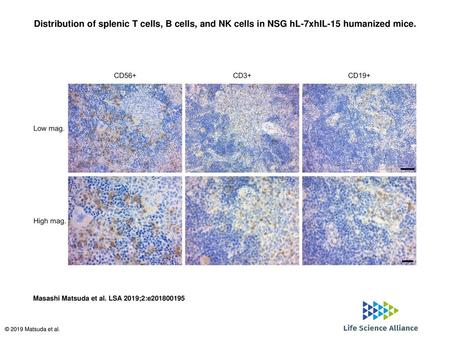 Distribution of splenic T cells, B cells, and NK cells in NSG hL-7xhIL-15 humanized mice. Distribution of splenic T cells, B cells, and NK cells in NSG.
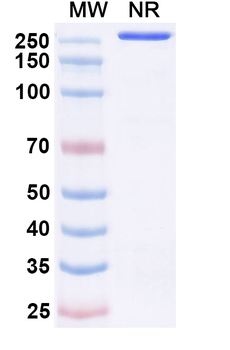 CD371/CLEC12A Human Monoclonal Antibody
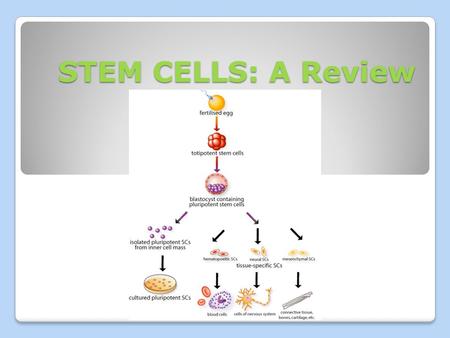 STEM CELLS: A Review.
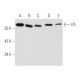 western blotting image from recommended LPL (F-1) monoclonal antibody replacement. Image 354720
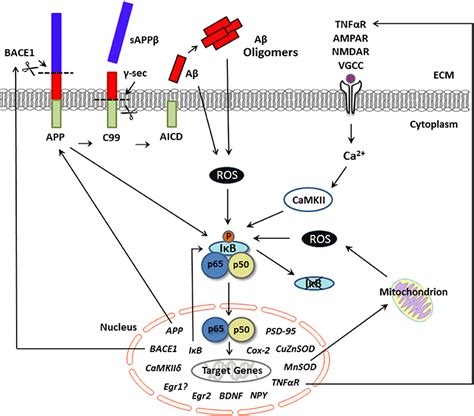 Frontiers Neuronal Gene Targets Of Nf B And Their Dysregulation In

━━━━━━

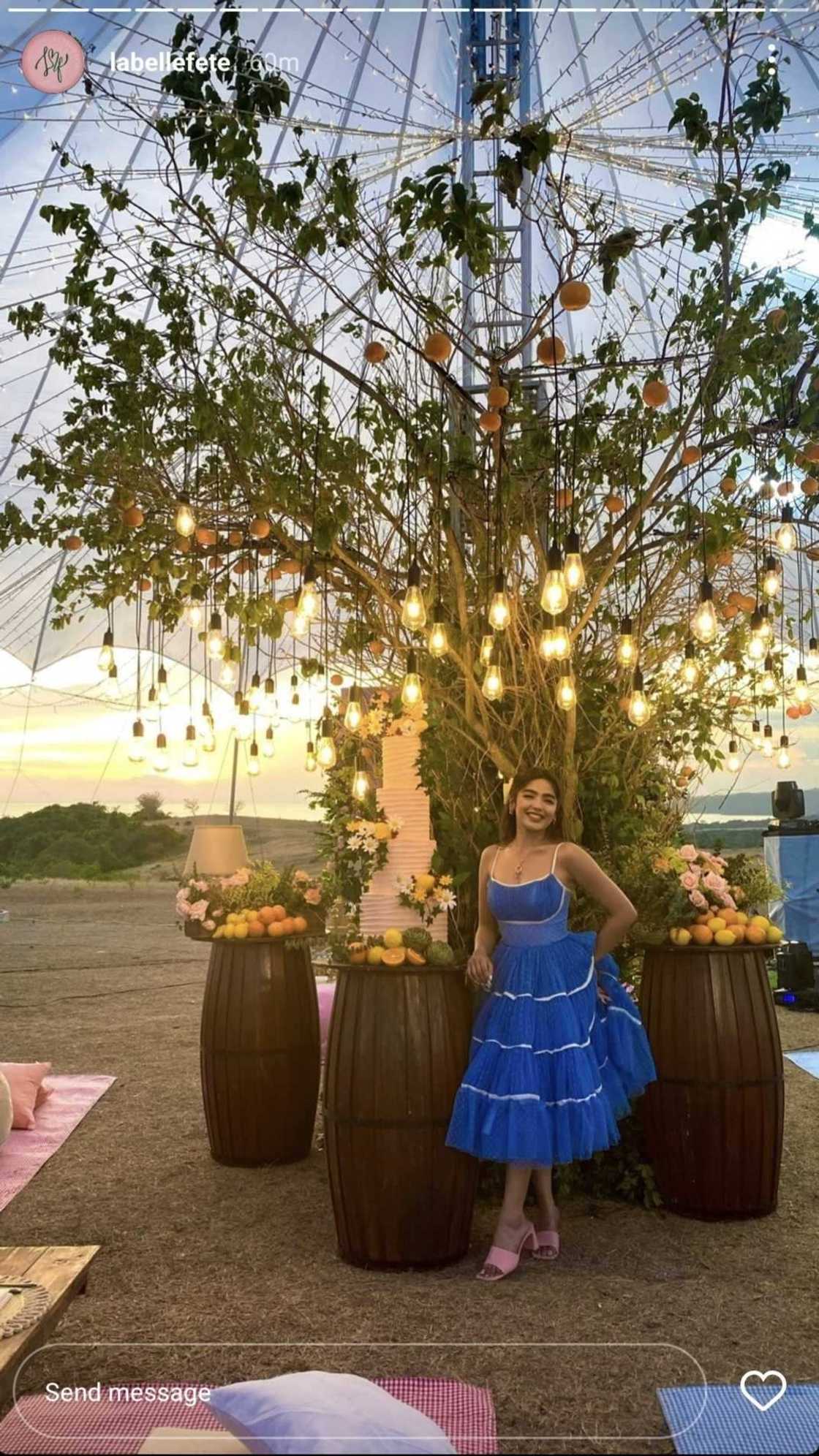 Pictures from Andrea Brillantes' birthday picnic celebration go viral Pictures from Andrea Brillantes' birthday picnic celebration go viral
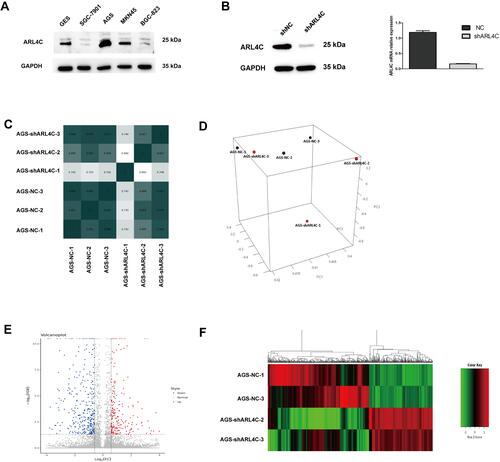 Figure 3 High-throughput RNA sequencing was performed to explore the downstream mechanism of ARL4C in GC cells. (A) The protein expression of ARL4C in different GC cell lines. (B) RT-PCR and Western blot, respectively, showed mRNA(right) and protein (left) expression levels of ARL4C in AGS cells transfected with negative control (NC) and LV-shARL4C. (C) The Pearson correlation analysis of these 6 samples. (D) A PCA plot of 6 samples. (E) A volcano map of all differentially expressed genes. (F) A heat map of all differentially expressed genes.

━━━━━━

What you are asked to do: Respond with the exact lines above running from the one containing "cells in NSG." to the one containing "Frontiers Neuronal Gene", both ends kept and no pictures included.

Output of the exercise:
 Distribution of splenic T cells, B cells, and NK cells in NSG hL-7xhIL-15 humanized mice. Distribution of splenic T cells, B cells, and NK cells in NSG.
 CD371/CLEC12A Human Monoclonal Antibody
 STEM CELLS: A Review.
 western blotting image from recommended LPL (F-1) monoclonal antibody replacement. Image 354720
 Frontiers Neuronal Gene Targets Of Nf B And Their Dysregulation In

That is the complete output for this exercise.